● **AIM OF THE TASK**
The response should contain all of the records, copied exactly, and none of the images.

● **PROVIDED DATA**

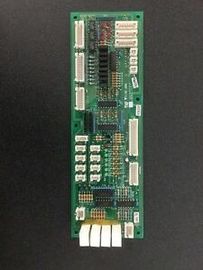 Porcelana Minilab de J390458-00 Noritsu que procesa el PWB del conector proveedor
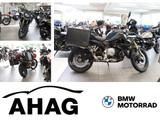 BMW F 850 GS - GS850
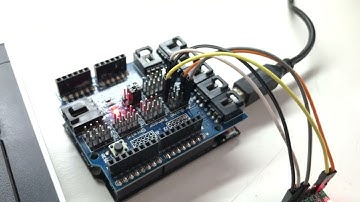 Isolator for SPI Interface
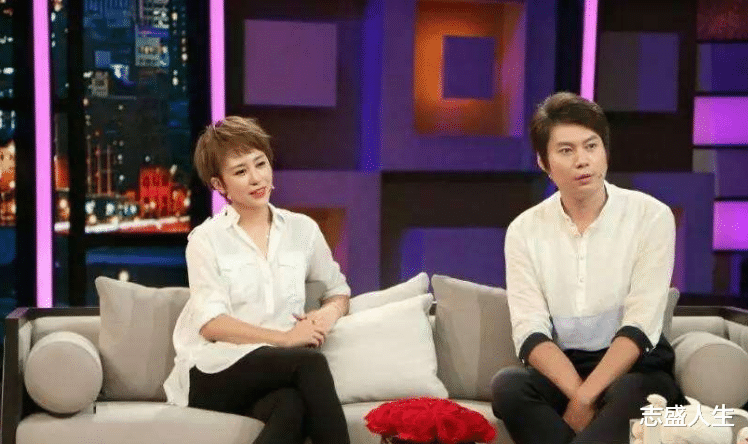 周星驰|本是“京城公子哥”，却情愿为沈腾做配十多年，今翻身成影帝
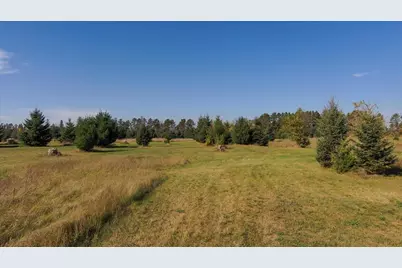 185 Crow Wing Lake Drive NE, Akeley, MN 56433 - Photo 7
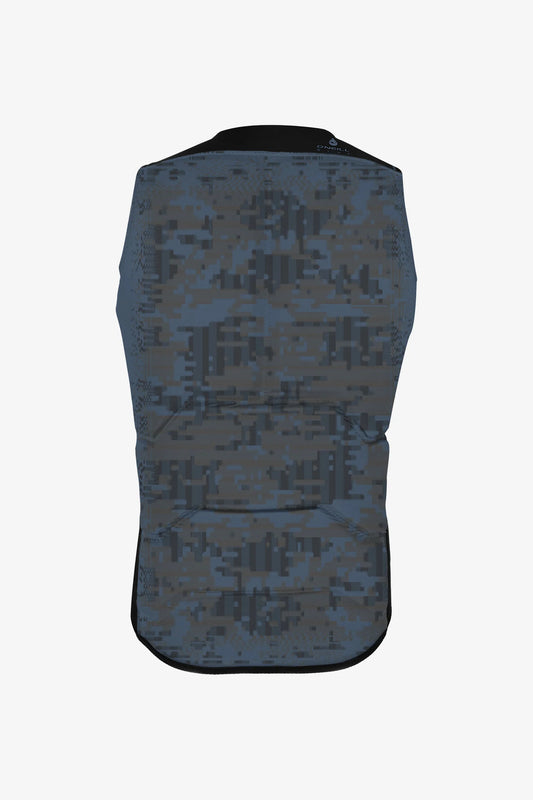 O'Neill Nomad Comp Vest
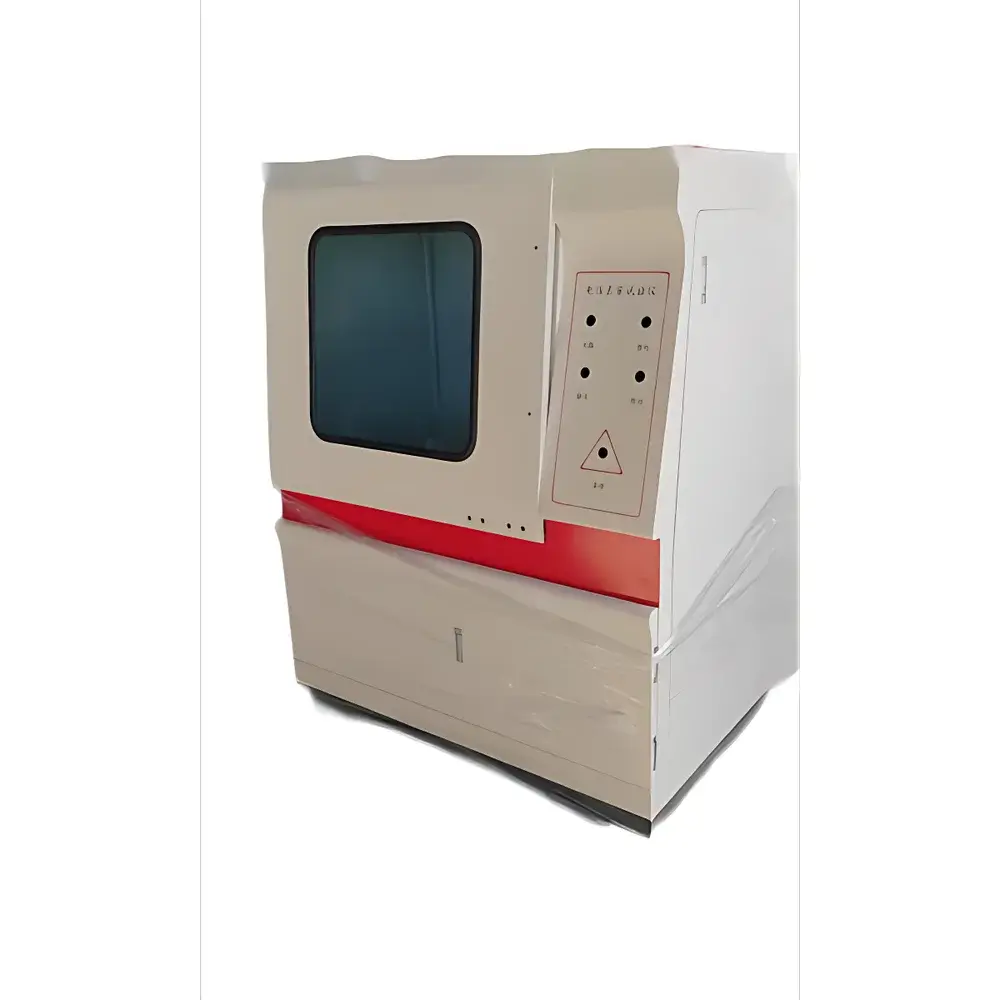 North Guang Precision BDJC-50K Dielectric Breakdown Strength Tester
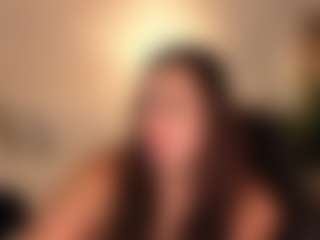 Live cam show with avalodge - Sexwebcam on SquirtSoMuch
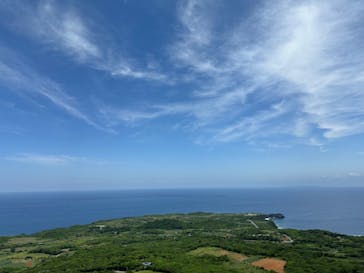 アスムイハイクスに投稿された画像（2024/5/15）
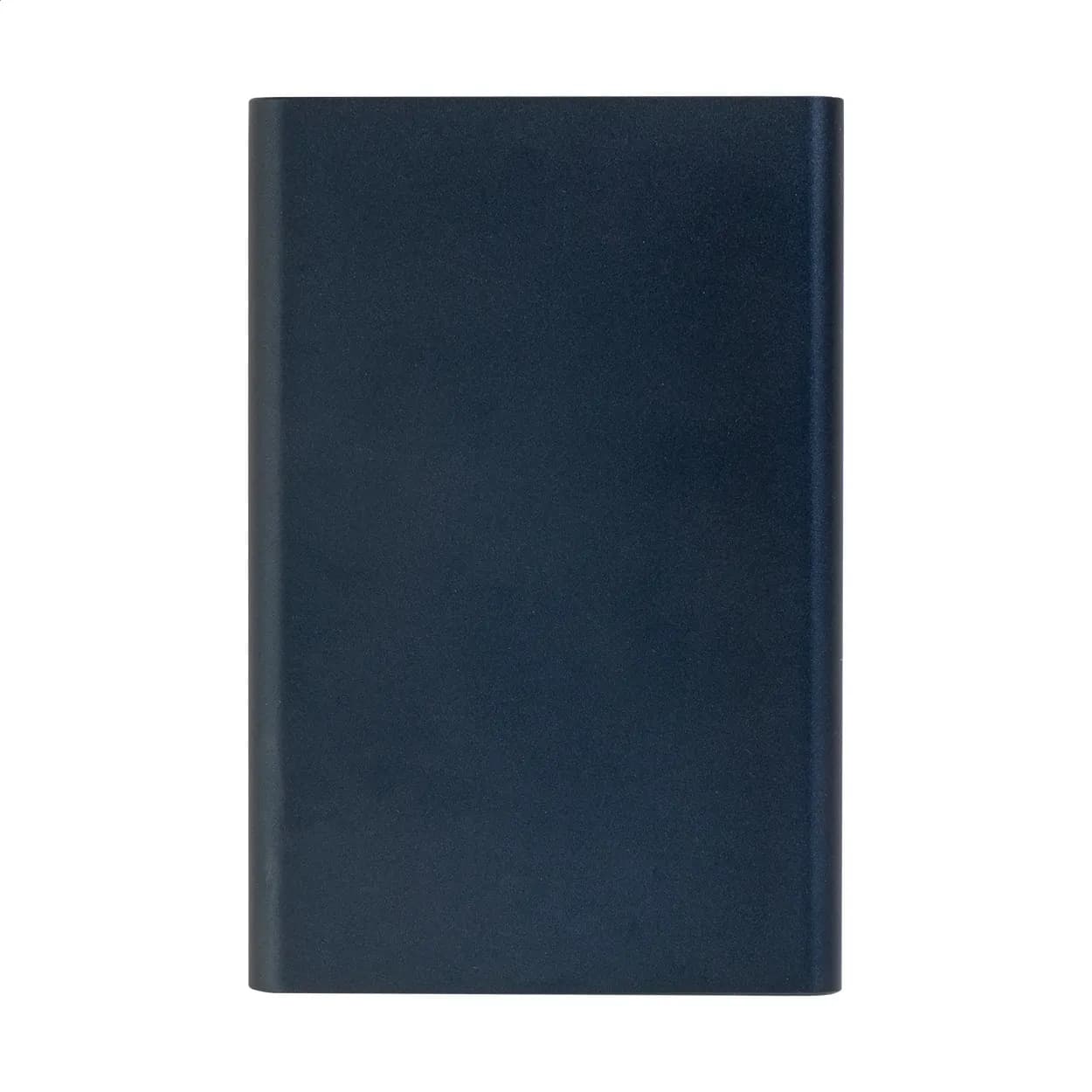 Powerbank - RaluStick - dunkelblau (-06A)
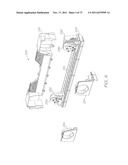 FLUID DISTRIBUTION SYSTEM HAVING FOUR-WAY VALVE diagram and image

● **RESPONSE**
 Porcelana Minilab de J390458-00 Noritsu que procesa el PWB del conector proveedor
 BMW F 850 GS - GS850
 Isolator for SPI Interface
 周星驰|本是“京城公子哥”，却情愿为沈腾做配十多年，今翻身成影帝
 185 Crow Wing Lake Drive NE, Akeley, MN 56433 - Photo 7
 O'Neill Nomad Comp Vest
 North Guang Precision BDJC-50K Dielectric Breakdown Strength Tester
 Live cam show with avalodge - Sexwebcam on SquirtSoMuch
 アスムイハイクスに投稿された画像（2024/5/15）
 Powerbank - RaluStick - dunkelblau (-06A)
 FLUID DISTRIBUTION SYSTEM HAVING FOUR-WAY VALVE diagram and image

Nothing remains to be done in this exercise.